Edgardo Bruna, President of SIDARTE (Association of Radio, Television, Theatre, and Movie Artists, Writers, and Technical Workers), in response to letters received from members of the Urgent Action network concerning death threats in Chile
"On behalf of the Chilean Nursing College, we would like to salute you for your support of solidarity expressed in the report of violation of human rights in our country and the demand which it makes upon the authorities with respect to their responsibility to cease these atrocities.
"Your letters and actions of solidarity invigorate our cause and motivate us as citizens not to give up our commitment to freedom and emancipation."
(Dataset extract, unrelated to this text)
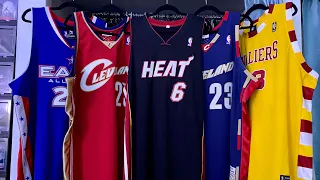 Epic Lebron James Jersey Collection (Over 30 Jerseys, Cavs, Heat, Lakers)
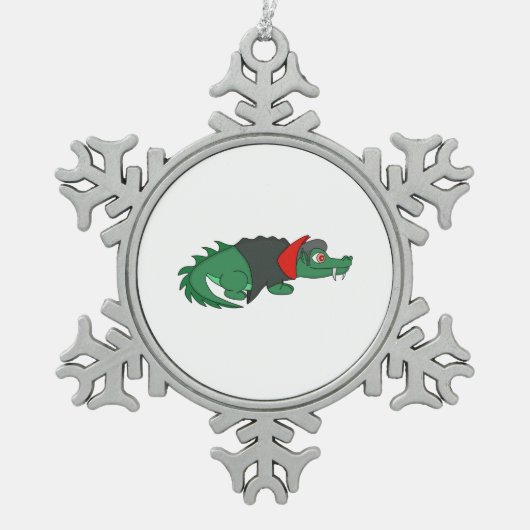 Ornement Flocon De Neige Crocodile de Vampire (Devant)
Letter to a member of the Urgent Action network from members of the Chilean Nursing College: Patricia Grau Mascayano, Secretary General; Patricia Talloni Valdes, National President; and Hortensia Arizabio Valle, a member of the International Commission
"With this greeting we wish to share the joy of freedom and express our gratitude for all the support and solidarity you gave us. Thank you!"
Dr and Mrs Ramiro Olivares, in a January 1988 card to AI members who had worked for the release of prisoner of conscience Dr Olivares
"While nothing could prevent my serving the 20-year sentence in its entirety, there is no doubt in my mind that your endeavours were a determining factor in the preservation of my life during my imprisonment."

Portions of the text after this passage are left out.